* [WORK INSTRUCTIONS] Using the records below, output the stretch that opens with the line containing "Used 2025 GMC" and closes with the line containing "V40 Cross Country.jpeg", exactly and including both lines, with nothing more.

* [DATA SHOWN]
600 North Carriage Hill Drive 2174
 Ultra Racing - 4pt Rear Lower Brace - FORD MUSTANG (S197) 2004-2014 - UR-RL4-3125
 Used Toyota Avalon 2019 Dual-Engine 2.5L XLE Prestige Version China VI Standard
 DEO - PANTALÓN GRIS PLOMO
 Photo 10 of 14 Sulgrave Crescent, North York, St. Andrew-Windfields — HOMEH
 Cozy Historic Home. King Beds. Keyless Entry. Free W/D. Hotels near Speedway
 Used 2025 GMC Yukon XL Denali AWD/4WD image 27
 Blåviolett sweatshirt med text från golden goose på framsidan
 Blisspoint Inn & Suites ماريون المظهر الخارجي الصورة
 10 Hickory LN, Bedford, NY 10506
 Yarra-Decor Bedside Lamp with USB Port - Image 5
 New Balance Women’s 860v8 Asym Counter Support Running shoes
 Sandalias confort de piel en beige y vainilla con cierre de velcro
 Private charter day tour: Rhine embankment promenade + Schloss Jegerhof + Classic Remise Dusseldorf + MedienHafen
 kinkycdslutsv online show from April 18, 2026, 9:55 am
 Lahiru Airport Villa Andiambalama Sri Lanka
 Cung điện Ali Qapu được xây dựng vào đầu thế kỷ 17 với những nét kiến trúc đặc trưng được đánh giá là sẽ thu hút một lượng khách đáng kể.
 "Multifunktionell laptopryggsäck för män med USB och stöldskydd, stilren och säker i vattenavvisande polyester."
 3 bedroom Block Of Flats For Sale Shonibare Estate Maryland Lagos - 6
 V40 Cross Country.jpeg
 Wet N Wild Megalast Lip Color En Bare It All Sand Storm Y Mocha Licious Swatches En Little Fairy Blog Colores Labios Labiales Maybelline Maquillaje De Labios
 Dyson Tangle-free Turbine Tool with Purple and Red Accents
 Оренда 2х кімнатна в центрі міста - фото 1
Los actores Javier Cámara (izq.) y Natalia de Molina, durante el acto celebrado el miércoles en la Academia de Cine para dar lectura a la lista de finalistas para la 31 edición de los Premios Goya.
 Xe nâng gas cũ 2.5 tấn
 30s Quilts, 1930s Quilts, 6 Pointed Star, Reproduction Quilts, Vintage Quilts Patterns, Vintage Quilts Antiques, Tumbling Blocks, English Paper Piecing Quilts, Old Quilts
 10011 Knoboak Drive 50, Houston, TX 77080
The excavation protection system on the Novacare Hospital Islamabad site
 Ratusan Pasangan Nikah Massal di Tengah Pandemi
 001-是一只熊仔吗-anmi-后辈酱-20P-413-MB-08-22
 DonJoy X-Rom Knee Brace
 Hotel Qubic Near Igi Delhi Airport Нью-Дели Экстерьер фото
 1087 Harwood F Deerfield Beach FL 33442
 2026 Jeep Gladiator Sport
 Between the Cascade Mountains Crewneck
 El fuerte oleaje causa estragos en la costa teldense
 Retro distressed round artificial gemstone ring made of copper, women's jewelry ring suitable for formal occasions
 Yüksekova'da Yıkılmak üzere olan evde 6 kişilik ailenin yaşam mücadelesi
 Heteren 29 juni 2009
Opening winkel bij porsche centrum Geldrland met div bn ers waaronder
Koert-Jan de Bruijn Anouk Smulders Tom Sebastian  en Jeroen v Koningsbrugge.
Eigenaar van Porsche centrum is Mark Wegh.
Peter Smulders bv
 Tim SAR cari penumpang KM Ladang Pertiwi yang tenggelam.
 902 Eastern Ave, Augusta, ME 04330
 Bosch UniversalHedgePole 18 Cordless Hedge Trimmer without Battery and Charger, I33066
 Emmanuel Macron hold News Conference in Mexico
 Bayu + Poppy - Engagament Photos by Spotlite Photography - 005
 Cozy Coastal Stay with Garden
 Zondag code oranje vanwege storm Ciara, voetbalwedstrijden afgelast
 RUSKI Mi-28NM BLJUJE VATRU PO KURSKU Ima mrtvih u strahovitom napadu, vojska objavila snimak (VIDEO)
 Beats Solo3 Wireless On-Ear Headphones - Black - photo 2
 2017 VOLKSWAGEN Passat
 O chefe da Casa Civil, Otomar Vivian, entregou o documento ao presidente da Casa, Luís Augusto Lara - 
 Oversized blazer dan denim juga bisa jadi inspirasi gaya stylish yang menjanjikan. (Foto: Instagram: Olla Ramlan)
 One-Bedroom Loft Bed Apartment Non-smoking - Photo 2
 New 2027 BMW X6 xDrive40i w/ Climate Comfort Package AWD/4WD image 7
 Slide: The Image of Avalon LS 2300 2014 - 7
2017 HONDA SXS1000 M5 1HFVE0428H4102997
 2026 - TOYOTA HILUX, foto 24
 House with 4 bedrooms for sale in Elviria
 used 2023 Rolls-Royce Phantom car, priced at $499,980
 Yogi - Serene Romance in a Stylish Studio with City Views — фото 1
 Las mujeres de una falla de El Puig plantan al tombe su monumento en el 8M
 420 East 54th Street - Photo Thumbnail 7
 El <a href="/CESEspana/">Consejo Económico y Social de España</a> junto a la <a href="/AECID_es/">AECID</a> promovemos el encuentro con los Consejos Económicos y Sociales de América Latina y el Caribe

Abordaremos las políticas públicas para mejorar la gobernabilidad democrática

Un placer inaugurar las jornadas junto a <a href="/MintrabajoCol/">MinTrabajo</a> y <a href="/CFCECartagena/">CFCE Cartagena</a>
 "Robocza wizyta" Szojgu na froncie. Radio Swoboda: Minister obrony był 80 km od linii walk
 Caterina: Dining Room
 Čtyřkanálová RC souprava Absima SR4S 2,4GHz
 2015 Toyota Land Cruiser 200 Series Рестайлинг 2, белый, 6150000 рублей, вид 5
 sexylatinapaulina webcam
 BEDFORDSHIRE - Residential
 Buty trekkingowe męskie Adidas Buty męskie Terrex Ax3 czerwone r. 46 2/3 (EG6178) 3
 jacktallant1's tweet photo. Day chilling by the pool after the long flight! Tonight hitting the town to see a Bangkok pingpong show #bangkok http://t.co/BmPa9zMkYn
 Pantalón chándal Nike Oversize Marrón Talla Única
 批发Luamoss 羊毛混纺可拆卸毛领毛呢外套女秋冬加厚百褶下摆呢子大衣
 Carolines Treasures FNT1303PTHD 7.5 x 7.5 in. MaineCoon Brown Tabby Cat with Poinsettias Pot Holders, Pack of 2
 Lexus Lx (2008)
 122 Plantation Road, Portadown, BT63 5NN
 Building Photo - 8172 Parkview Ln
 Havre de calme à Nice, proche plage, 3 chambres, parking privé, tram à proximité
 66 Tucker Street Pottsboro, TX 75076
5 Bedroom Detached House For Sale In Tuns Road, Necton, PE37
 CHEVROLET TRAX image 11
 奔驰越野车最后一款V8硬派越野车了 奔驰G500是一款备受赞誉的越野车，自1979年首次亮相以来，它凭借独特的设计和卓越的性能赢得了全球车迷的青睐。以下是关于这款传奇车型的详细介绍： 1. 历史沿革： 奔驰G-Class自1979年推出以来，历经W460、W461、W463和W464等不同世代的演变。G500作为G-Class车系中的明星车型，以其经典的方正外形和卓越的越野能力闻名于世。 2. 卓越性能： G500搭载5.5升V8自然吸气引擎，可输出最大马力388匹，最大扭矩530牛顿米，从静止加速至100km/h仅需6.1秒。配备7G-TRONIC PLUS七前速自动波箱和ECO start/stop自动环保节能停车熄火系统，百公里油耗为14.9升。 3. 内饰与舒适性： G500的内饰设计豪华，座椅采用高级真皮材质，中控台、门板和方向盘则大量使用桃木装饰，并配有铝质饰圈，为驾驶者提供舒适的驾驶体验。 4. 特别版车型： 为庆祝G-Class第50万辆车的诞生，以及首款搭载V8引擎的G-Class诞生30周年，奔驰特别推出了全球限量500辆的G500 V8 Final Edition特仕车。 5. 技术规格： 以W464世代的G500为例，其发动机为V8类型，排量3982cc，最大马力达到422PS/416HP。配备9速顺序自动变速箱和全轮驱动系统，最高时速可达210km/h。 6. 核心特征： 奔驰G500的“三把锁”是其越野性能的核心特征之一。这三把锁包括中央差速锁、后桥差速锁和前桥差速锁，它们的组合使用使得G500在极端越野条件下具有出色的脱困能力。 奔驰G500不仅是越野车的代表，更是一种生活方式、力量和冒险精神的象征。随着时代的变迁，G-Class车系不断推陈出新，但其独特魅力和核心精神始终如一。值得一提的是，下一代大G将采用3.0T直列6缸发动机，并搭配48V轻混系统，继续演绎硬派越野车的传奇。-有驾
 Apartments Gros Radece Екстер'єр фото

* [RESPONSE TO THE EXERCISE]
 Used 2025 GMC Yukon XL Denali AWD/4WD image 27
 Blåviolett sweatshirt med text från golden goose på framsidan
 Blisspoint Inn & Suites ماريون المظهر الخارجي الصورة
 10 Hickory LN, Bedford, NY 10506
 Yarra-Decor Bedside Lamp with USB Port - Image 5
 New Balance Women’s 860v8 Asym Counter Support Running shoes
 Sandalias confort de piel en beige y vainilla con cierre de velcro
 Private charter day tour: Rhine embankment promenade + Schloss Jegerhof + Classic Remise Dusseldorf + MedienHafen
 kinkycdslutsv online show from April 18, 2026, 9:55 am
 Lahiru Airport Villa Andiambalama Sri Lanka
 Cung điện Ali Qapu được xây dựng vào đầu thế kỷ 17 với những nét kiến trúc đặc trưng được đánh giá là sẽ thu hút một lượng khách đáng kể.
 "Multifunktionell laptopryggsäck för män med USB och stöldskydd, stilren och säker i vattenavvisande polyester."
 3 bedroom Block Of Flats For Sale Shonibare Estate Maryland Lagos - 6
 V40 Cross Country.jpeg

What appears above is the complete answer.